A recent investigation by Swedish news outlets revealed a disturbing data pipeline behind how Meta Ray Ban smart glasses actually work. When certain AI features are activated, users — whether they’re aware of it or not — are streaming footage to remote subcontractors whose job is to help review and label the data. This included the collection of clips of people using the toilet, getting undressed and watching pornography, among other things. Even bank card details and intimate sex scenes reportedly passed through offices in Nairobi, Kenya for annotation.
Taken together, the issue comes down to how covertly these devices operate, blending so seamlessly into everyday life that the act of recording all but disappears.
“The form factor makes surveillance invisible to the people whose data is being collected,” McCreary said, “and that invisibility is what makes it a genuinely new privacy problem.”
Is Facial Recognition Making a Comeback With Smart Glasses?
Facial recognition is not permitted in smart glasses yet, but there is a concerted effort being led by Meta to change that. The company is aggressively rebranding facial recognition as an identity helper rather than a surveillance tool. Announced in an internal memo leaked from Meta’s Reality Labs to the New York Times, its smart glasses would include a new feature codenamed “Name Tag,” which was originally pitched as an accessibility-centered tool to help blind and low vision users locate friends in real time.
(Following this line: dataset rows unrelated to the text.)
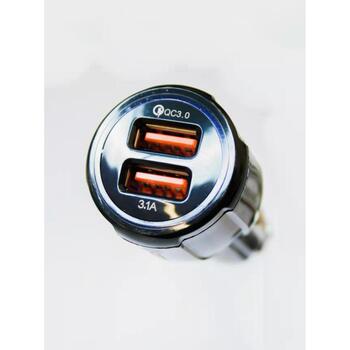 Manta Автомобильное зарядное устройство MCC01QC3, 2xUSB, 5V 2000mA, 5V 2,4A, 9V 1,8A, 12V 1,5A, 12V-24V (MCC01QC3)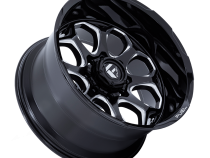 Aluminum Wheels 22X12 Scepter FC862 BE 5 On 127 Gloss Black Milled 71.5 Bore -44 Offset Fuel Off Road Wheels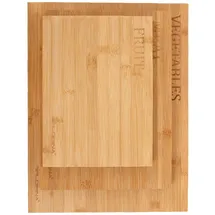 Florina Diego Schneidebrett-Set Holz 3 38 x 28 cm Braun/Mehrfarbig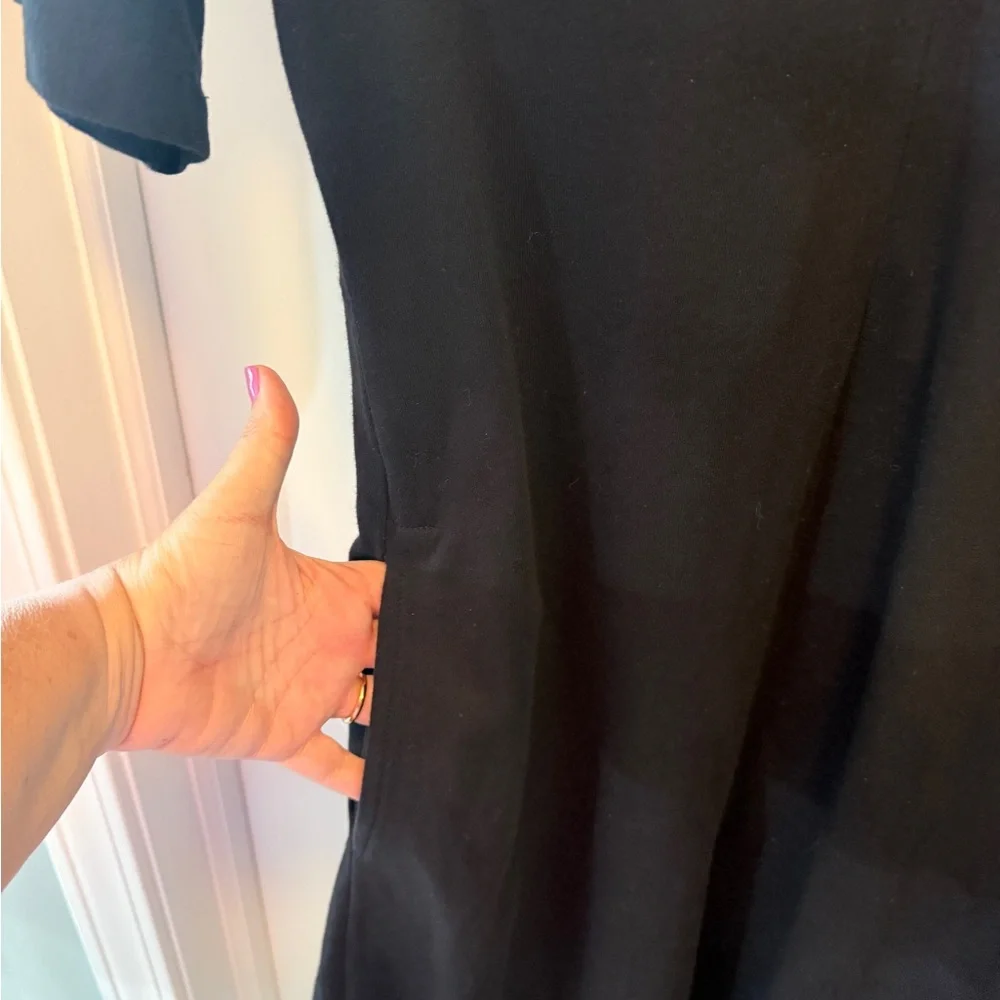 Anthropologie Velvet by Graham & Spencer Black Allura Dress Womens Size XS‎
According to privacy and AI governance attorney Yelena Ambartsumian, Meta seems to think that, by presenting this feature as a tightly-scoped, opt-in feature, the company is betting they can sidestep backlash as long as the public is distracted — especially given an opportune political climate. As detailed in the memo: “We will launch during a dynamic political environment where many civil society groups that we would expect to attack us would have their resources focused on other concerns.”
This comes after the company was forced to shut down its face-scanning system in 2021, paying more than $5 billion to the FTC in privacy settlements. After promising to obtain “affirmative express consent” from users when it comes to facial recognition tech, Meta went on to pay $650 million to Illinois and $1.4 billion to Texas over claims it captured biometric data from millions of Facebook users without their permission.
“To be clear, nothing has changed with respect to privacy law … that would bless this,” Ambartsumian, founder of Ambart Law and Women in AI Governance charter member, told Built In. “That said, even if only people who have opted into the ‘Name Tag’ feature can be identified, that does not solve the problem of having to collect and process some amount of data in order to be able to determine whether a person has opted-in.”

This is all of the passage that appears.